(Web page caption snippets)
=== Begin Enclosure ===
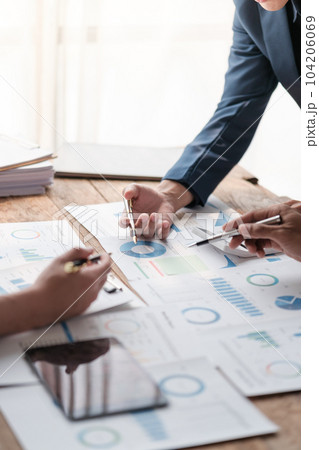 Close up group of business men and woman discussion and brainstorming, bookkeeping audit graph and chart documents at desk, teamwork concept. 104206069
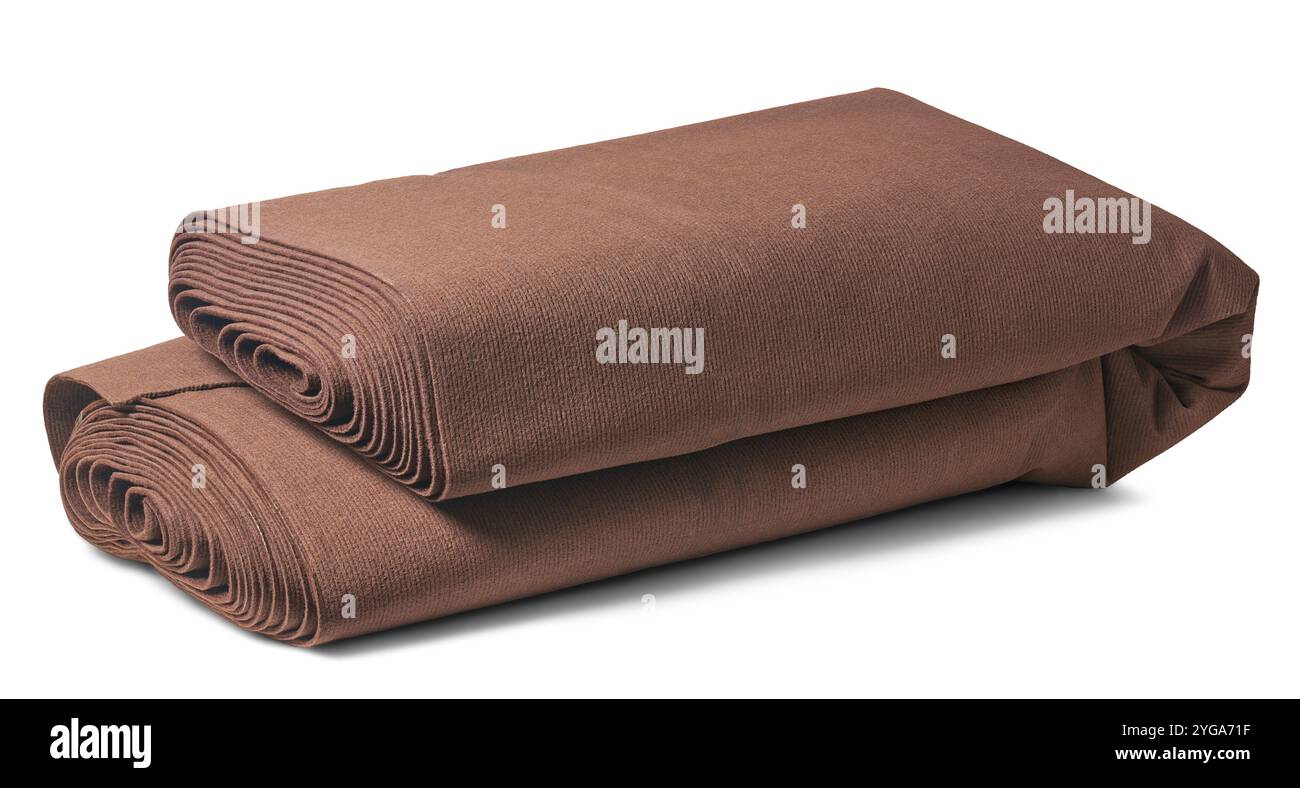 dark brown fabric floor carpet roll folded in half isolated white background, easy to handle, transport or store concept Stock Photo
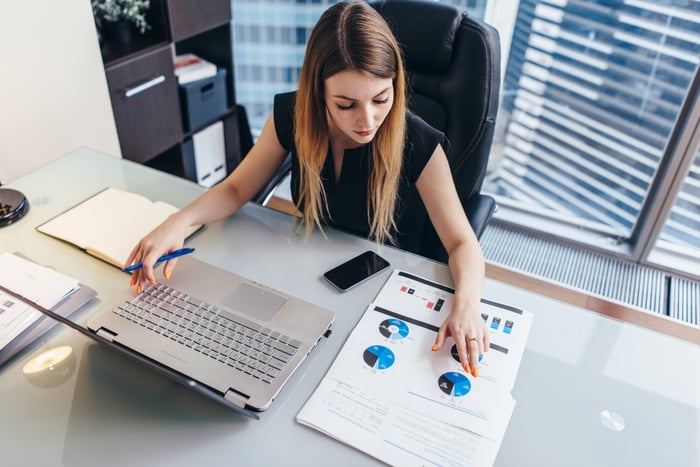 A businessperson prepares financial reports.
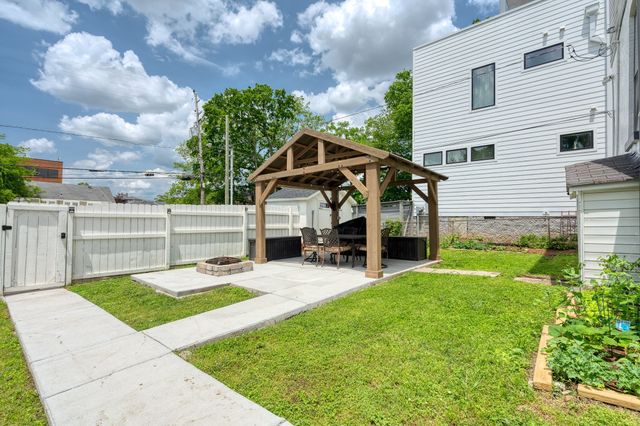 a view of a house with backyard and porch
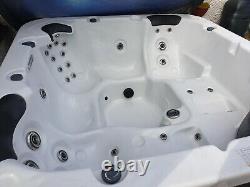 HOT TUB Torina used 5 seater spa. Sterling silver acrylic and grey skirting/side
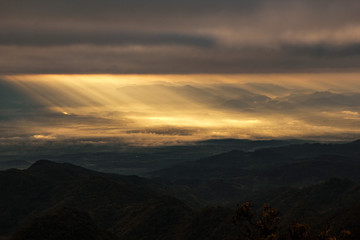 Golden sunrise heavenly sky ray light at mountain hill valley landscape with cloudy background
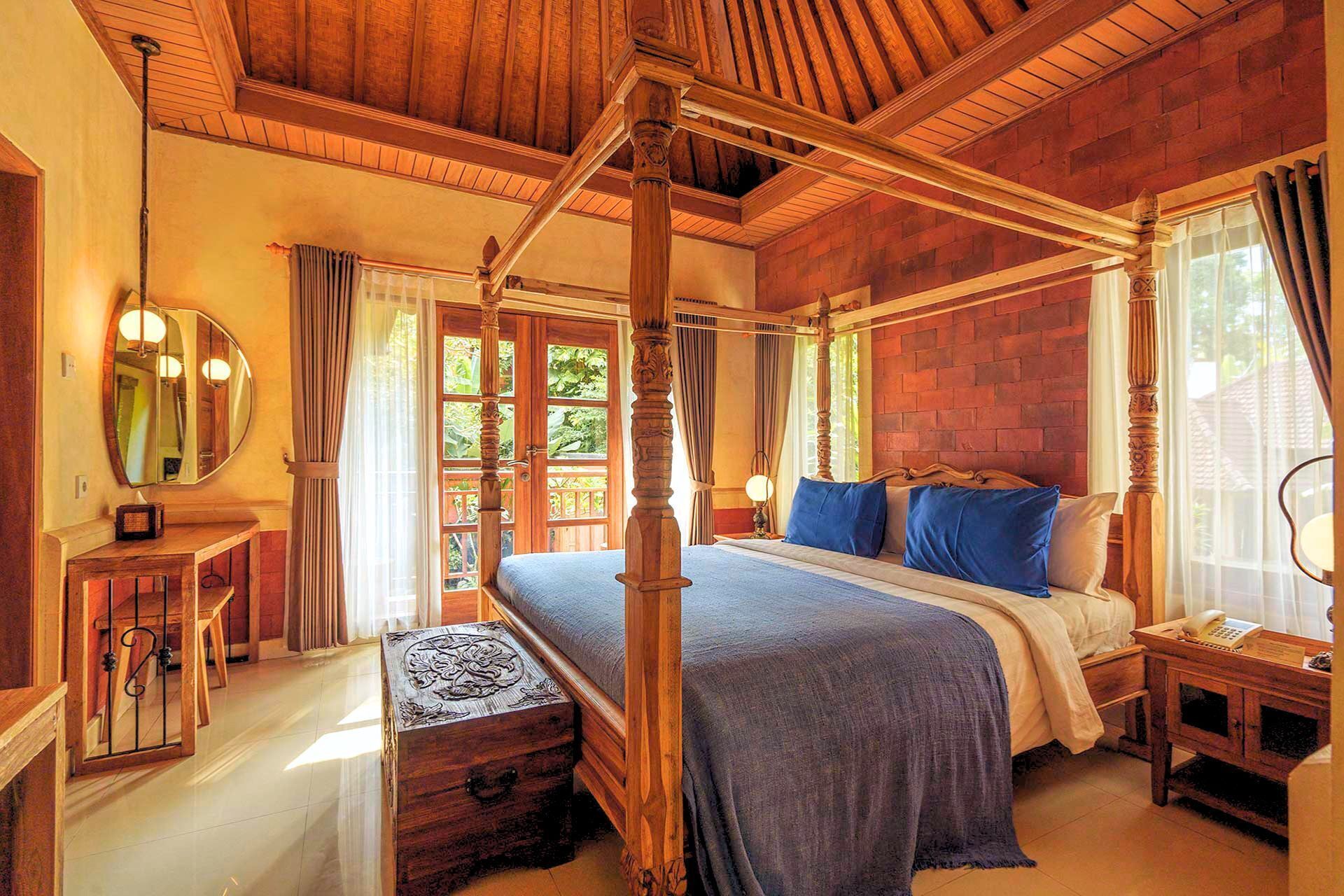 A four-poster bed with a wooden canopy, a bedside table with a lamp, and a large mirror on the wall.
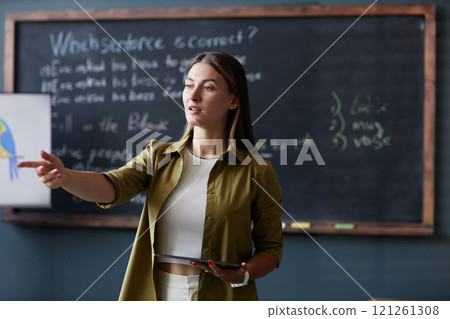 Medium shot of female English teacher holding tablet computer addressing student with question, while discussing new grammar rules in group class against blackboard at language school Medium shot of female English teacher holding tablet computer addressing student with question, while discussing new grammar rules in group class against blackboard at language school 121261308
=== End Enclosure ===
> _To do_
Would you restate all of the data above word for word, omitting the pictures?

> _Solution to the problem_
 Close up group of business men and woman discussion and brainstorming, bookkeeping audit graph and chart documents at desk, teamwork concept. 104206069
 dark brown fabric floor carpet roll folded in half isolated white background, easy to handle, transport or store concept Stock Photo
 A businessperson prepares financial reports.
 a view of a house with backyard and porch
 HOT TUB Torina used 5 seater spa. Sterling silver acrylic and grey skirting/side
 Golden sunrise heavenly sky ray light at mountain hill valley landscape with cloudy background
 A four-poster bed with a wooden canopy, a bedside table with a lamp, and a large mirror on the wall.
 Medium shot of female English teacher holding tablet computer addressing student with question, while discussing new grammar rules in group class against blackboard at language school Medium shot of female English teacher holding tablet computer addressing student with question, while discussing new grammar rules in group class against blackboard at language school 121261308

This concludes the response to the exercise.